Does that make sense now?

jch


> 
> Thanks,
> Junxiao.
> 
>> 
>> 	/* We set the blksize from the cluster size for performance */
>> 	stat->blksize = osb->s_clustersize;
Junxiao Bi Dec. 2, 2015, 2:47 a.m. UTC | #4
On 12/02/2015 06:33 AM, John Haxby wrote:
> 
>> On 1 Dec 2015, at 07:08, Junxiao Bi <junxiao.bi@oracle.com
>> <mailto:junxiao.bi@oracle.com>> wrote:
>>
>> On 11/25/2015 05:07 AM, John Haxby wrote:
>>> Some versions of tar assume that files with st_blocks == 0 do not
>>> contain any data and will skip reading them entirely. See also
>>> commit 9206c561554c ("ext4: return non-zero st_blocks for inline data").
>>>
>>> Signed-off-by: John Haxby <john.haxby@oracle.com
>>> <mailto:john.haxby@oracle.com>>
>>> ---
>>> fs/ocfs2/file.c | 8 ++++++++
>>> 1 file changed, 8 insertions(+)
>>>
>>> diff --git a/fs/ocfs2/file.c b/fs/ocfs2/file.c
>>> index 0e5b451..d631279 100644
>>> --- a/fs/ocfs2/file.c
>>> +++ b/fs/ocfs2/file.c
>>> @@ -1302,6 +1302,14 @@ int ocfs2_getattr(struct vfsmount *mnt,
>>> }
>>>
>>> generic_fillattr(inode, stat);
>>> +/*
>>> + * If there is inline data in the inode, the inode will normally not
>>> + * have data blocks allocated (it may have an external xattr block).

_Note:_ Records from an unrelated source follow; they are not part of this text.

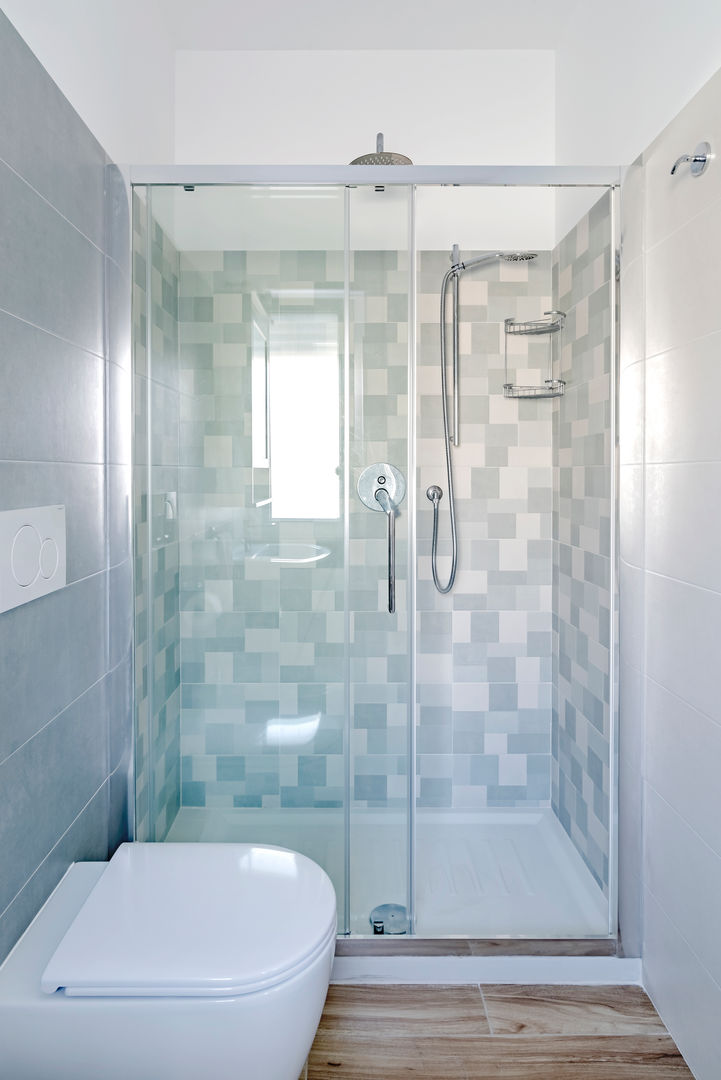 Casa m63, Caleidoscopio Architettura Caleidoscopio Architettura Modern bathroom Tiles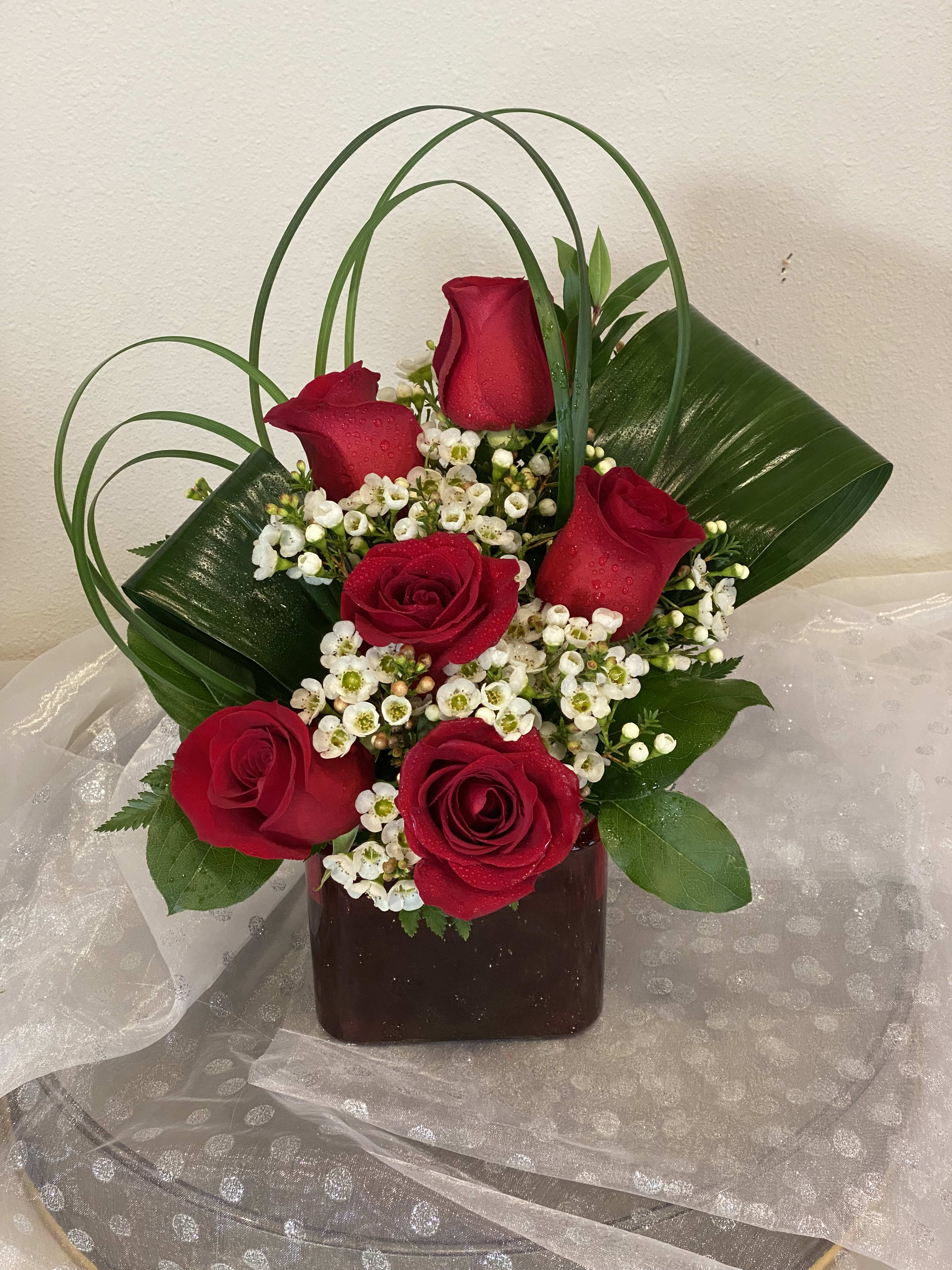 Endless Love - "Endless Love" says it all.....send these roses or upgrade with roses and lilies to the love of your life. Please keep in mind each arrangement designed might have some color changes based on current supply of flowers.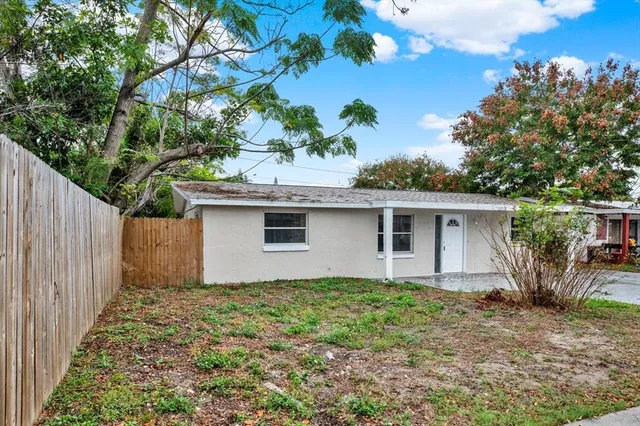 a house that has a tree in front of it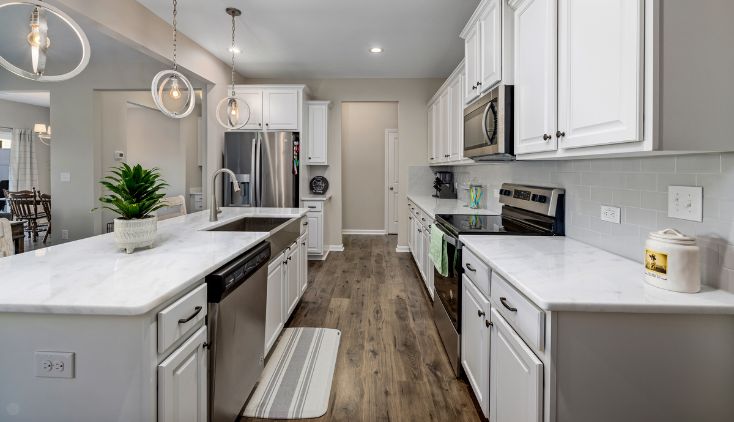 A kitchen with white cupboards and brown wooden flooring.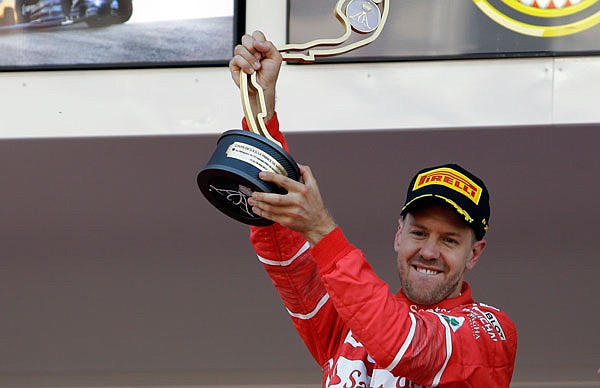 Sebastian Vettel celebrates Sunday after winning the Formula One Grand Prix at the Monaco racetrack in Monaco.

>>> + * Report at least one sector for such files, so tools like tar, rsync,
>>> + * others don't incorrectly think the file is completely sparse.
>>> + */
>>> +if (unlikely(OCFS2_I(inode)->ip_dyn_features & OCFS2_INLINE_DATA_FL))
>>> +stat->blocks += (stat->size + 511)>>9;
>> From filesystem side, looks reasonable that data block is 0 for
>> inlined-data file. This is like a hack to filesystem to fix tools issue.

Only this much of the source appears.